DAMIAN BRACKEN & ERIC GRAFF (EDS)
Cork University Press, 2015
pp 282 h/b
€95.00 ISBN: 978-1-782051-18-3
Brian Lacey
Columba (name in Latin) or Colmcille (name in Irish) was honoured during the Middle Ages, along with Patrick and Brigid, as one of the three patron saints of Ireland. Founder of the monastery of Iona – one of the greatest institutions of early medieval Christendom – the historical (as distinct from the legendary) Columba (c.520-593) was a highly influential and, almost certainly, a very holy man. But memory of him might have faded were it not for a book written in Latin a hundred years after his death – Adomnán’s Vita Columbae. More than anything else, it was the Vita that ‘made’ Columba into the saint that later generations would celebrate. The book is remarkable – unique in terms of contemporary Europe. Adomnán who composed it was a later relative of Columba. Himself ninth abbot of Iona, he was honoured as a saint also. Adomnán too had many achievements: for instance he left us the oldest description of the sacred places of the Holy Land in the years just after the Moslem conquest.
Very unusually for a medieval text a copy of the Vita Columbae made by the Iona scribe Dorbbéne, contemporary with its original time of composition, has survived. This copy, after a fascinating journey – which is marvellously outlined in this publication by Jean-Michel Picard, ended up in the town library of Schaffhausen in Switzerland. A number of editions and translations of the text have appeared since the mid 19th century but this beautiful facsimile (with expert commentary) provides the first opportunity to see the full manuscript itself in print. Cork University Press, the Armarium Codicum Hibernensium Project at UCC, and its Belfast printers are all to be congratulated on a, literally, monumental publication. As home to an array of related historical and archaeological projects, UCC is now arguably the leading institution for the study of early Irish society.

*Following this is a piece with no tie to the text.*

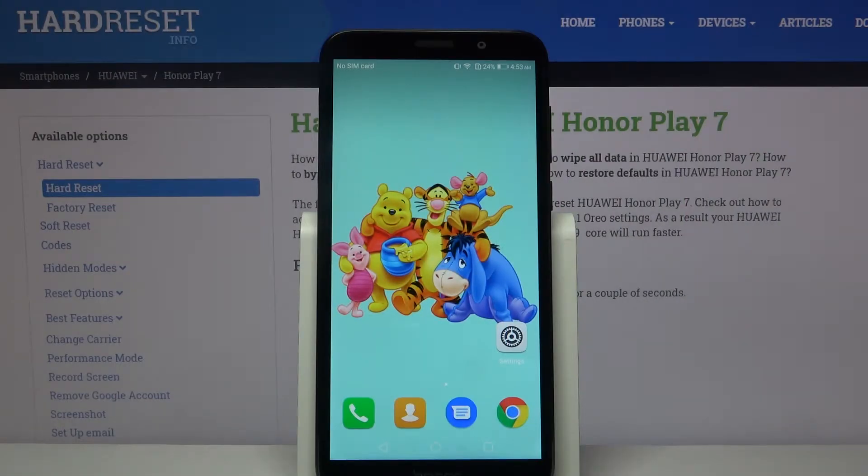Hi, in front of me is Huawei Honor Play 7 and today I would like to show you how you can connect this device through Bluetooth.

It is clearly a source for the study of Latin but also contains important evidence about the development of the Irish language.
This publication comprises two volumes: one shows the complete manuscript at a 1:1 scale; the second contains five analytical essays. The facsimile allows us to see how the book was made and decorated. Like an icon, it was deemed a sacred object and would have been treated as a relic. Close study of it obviously tells us about Columba and life on Iona, but also about the earliest medieval involvements with writing culture and the making of texts and manuscripts. It is clearly a source for the study of Latin but also contains important evidence about the development of the Irish language. We can see in the facsimile what Adomnán and Dorbbéne intended us to see, but the accompanying analyses allow us to discern some things that were not so intended. Anthony Harvey’s technical but fascinating chapter on the book’s orthographic features highlights several puzzles, for example why Adomnán (or Dorbbéne) left a gap in the middle of the name Fech reg. This is almost Name of the Rose territory.
The author of the latter work, Umberto Eco, has written about the Book of Kells – another Columba-related masterpiece, as is the Cathach, the Book of Durrow and the Lindisfarne Gospels. With 2020 – the 1,500th anniversary of the birth of Columba – only five year’s away, it would be great if some major public institution in Ireland or Scotland gathered these together with all the other treasures associated with the saint for a major commemorative exhibition. In the meantime this publication will delight those who study it. No doubt, it will also provoke further useful research on Columba, Adomnán and the pivotal heritage they left to us – a heritage which has been considerably added to by this publication.
Brian Lacey is an archaeologist and medieval historian. He is the author of several books about Donegal and St Colmcille.